GridSearchCV(cv=3, error_score='raise-deprecating',
       estimator=LogisticRegression(C=1.0, class_weight=None, dual=False, fit_intercept=True,
          intercept_scaling=1, max_iter=100, multi_class='warn',
          n_jobs=None, penalty='l2', random_state=0, solver='warn',
          tol=0.0001, verbose=0, warm_start=False),
       fit_params=None, iid='warn', n_jobs=None,
       param_grid={'penalty': ['l1', 'l2'], 'C': [1.0, 2.0, 90.0, 200.0, 500, 800.0, 950.0]},
       pre_dispatch='2*n_jobs', refit=True, return_train_score='warn',
       scoring=None, verbose=0)

In [89]:
print 'Best score {0:.5f}'.format(clf.best_score_)

Best score 0.81320


In [90]:
print 'Score for logistic regression {0:.5f}'.format(clf.score(X_test_scale, y_test))

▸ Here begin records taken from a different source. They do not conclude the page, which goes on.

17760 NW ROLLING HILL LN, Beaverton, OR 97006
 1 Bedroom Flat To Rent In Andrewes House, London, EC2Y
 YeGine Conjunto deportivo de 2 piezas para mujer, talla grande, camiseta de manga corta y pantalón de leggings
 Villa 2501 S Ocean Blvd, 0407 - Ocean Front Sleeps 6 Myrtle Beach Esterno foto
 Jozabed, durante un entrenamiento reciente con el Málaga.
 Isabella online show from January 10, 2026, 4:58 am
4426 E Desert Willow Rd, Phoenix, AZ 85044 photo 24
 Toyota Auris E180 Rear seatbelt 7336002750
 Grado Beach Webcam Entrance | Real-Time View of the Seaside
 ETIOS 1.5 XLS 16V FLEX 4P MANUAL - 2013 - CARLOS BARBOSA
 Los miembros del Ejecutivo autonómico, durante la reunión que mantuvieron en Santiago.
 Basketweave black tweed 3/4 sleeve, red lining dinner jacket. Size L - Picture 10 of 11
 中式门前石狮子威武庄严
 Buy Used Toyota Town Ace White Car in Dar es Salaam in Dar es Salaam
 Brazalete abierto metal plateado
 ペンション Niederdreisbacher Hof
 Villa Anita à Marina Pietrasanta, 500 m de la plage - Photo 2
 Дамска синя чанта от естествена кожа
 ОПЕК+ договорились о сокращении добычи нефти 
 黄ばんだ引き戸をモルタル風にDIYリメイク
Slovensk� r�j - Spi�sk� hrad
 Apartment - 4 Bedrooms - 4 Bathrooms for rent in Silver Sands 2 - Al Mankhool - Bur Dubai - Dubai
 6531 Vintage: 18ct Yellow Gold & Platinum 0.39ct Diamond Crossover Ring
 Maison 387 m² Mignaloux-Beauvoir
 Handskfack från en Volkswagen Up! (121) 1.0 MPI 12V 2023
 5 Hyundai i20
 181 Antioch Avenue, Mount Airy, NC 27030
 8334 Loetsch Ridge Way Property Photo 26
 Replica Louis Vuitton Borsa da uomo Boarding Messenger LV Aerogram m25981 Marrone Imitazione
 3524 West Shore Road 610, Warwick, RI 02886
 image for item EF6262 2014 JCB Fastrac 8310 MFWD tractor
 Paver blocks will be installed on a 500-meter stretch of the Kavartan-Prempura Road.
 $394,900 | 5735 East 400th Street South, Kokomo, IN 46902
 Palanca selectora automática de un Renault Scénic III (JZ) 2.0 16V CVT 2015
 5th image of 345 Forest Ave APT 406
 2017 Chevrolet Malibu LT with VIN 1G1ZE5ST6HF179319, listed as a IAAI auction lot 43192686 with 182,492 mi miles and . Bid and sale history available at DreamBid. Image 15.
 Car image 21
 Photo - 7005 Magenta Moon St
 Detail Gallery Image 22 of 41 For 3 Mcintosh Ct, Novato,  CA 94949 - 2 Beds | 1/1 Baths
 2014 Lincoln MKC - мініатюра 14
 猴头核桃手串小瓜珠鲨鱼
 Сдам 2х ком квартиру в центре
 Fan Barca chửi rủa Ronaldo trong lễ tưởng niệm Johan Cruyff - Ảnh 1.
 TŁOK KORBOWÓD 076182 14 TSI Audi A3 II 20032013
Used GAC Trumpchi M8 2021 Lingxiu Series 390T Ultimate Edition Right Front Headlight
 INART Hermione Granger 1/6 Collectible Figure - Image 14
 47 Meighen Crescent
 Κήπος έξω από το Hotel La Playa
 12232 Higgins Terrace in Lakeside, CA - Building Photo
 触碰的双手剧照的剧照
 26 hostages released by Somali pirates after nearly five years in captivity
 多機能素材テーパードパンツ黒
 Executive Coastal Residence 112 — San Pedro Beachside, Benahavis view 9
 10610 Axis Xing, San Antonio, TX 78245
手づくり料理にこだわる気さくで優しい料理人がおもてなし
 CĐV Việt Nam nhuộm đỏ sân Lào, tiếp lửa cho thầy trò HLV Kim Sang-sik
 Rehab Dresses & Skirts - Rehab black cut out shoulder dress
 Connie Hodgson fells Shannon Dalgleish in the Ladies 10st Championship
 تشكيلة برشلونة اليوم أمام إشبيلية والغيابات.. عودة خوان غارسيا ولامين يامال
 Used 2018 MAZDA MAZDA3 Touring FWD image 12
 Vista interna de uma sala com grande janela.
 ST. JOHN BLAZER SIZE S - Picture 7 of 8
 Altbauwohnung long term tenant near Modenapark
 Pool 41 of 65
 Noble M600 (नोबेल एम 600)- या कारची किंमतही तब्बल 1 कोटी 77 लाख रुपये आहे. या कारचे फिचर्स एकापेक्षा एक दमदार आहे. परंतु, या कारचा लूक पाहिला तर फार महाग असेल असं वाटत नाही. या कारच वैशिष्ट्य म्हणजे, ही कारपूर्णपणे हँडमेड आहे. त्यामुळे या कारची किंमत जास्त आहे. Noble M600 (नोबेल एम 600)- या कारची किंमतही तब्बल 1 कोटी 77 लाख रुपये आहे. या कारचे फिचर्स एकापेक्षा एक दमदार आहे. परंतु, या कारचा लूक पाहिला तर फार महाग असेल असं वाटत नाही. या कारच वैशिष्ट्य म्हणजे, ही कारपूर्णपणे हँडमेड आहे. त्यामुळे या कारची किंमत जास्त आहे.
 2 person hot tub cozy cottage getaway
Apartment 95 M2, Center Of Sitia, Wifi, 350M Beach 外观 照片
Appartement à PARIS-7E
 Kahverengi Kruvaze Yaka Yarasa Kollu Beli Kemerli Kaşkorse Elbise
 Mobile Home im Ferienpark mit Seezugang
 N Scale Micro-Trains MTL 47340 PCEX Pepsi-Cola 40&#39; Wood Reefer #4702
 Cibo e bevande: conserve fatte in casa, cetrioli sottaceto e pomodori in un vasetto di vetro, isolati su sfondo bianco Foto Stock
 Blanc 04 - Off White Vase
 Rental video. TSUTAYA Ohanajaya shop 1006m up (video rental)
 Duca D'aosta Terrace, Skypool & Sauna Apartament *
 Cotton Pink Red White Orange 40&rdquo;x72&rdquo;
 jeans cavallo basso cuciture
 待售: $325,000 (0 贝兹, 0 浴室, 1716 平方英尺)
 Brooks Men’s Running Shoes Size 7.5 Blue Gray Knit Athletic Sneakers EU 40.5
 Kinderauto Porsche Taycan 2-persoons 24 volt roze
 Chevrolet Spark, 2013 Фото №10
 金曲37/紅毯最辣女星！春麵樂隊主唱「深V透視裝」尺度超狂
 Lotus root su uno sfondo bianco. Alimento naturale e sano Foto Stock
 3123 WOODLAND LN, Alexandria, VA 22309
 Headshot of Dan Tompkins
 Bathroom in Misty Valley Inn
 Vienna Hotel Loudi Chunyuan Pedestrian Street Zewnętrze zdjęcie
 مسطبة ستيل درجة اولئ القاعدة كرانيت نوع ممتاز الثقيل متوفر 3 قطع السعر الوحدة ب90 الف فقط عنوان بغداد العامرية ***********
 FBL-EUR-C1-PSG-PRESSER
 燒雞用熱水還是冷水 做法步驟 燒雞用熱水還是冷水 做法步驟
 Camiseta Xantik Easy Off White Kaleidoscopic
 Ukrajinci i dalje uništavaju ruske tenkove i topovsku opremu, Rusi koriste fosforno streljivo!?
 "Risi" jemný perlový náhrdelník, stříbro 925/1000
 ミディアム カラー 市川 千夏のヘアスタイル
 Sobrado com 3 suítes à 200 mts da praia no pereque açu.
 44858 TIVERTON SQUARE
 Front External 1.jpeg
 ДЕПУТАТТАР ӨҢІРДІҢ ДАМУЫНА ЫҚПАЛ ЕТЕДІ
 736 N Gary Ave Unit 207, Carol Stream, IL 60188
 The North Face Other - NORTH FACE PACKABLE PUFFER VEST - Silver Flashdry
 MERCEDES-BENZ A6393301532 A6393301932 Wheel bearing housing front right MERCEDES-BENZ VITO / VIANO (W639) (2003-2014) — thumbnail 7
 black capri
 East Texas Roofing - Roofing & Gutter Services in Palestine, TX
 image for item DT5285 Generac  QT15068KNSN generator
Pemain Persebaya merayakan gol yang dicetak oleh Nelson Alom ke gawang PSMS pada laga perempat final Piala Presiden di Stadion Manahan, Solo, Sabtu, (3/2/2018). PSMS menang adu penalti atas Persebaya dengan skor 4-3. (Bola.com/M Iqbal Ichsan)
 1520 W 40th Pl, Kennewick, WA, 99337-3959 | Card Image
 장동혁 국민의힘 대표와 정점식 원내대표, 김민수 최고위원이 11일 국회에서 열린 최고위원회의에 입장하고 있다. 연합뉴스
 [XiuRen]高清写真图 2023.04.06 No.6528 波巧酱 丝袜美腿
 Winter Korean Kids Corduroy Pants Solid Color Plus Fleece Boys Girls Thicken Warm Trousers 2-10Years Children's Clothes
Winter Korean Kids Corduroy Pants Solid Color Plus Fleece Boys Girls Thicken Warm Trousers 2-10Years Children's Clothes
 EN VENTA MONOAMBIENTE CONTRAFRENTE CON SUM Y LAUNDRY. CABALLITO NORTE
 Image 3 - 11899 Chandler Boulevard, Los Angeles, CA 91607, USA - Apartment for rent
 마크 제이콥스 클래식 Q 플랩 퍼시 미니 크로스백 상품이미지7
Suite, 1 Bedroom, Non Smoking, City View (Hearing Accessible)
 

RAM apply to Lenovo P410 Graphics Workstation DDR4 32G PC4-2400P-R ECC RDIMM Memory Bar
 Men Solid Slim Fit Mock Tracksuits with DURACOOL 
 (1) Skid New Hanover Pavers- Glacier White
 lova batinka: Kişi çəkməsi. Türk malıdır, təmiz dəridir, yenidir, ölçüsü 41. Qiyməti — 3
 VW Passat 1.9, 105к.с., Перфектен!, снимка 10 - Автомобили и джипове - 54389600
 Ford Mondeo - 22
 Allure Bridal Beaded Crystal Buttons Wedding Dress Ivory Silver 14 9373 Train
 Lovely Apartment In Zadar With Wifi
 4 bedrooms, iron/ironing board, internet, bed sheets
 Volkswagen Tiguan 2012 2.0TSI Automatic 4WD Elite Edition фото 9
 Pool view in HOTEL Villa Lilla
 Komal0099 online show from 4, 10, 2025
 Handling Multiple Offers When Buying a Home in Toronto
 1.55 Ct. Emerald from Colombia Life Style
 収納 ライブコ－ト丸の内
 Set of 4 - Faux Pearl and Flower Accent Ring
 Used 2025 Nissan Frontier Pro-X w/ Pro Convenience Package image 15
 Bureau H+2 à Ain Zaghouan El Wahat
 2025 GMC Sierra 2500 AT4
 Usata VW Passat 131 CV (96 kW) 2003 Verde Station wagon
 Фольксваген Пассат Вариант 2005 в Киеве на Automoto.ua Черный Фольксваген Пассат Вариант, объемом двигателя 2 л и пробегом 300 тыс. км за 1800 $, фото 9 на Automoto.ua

Score for logistic regression 0.84358


#### Normally for logistic regression, features standardization does not add to much value. We can see it is more or less same value which we found above without standardization. But algorithms like Neural network k it is  always suggested to do feature normalization before feeding the data to the model.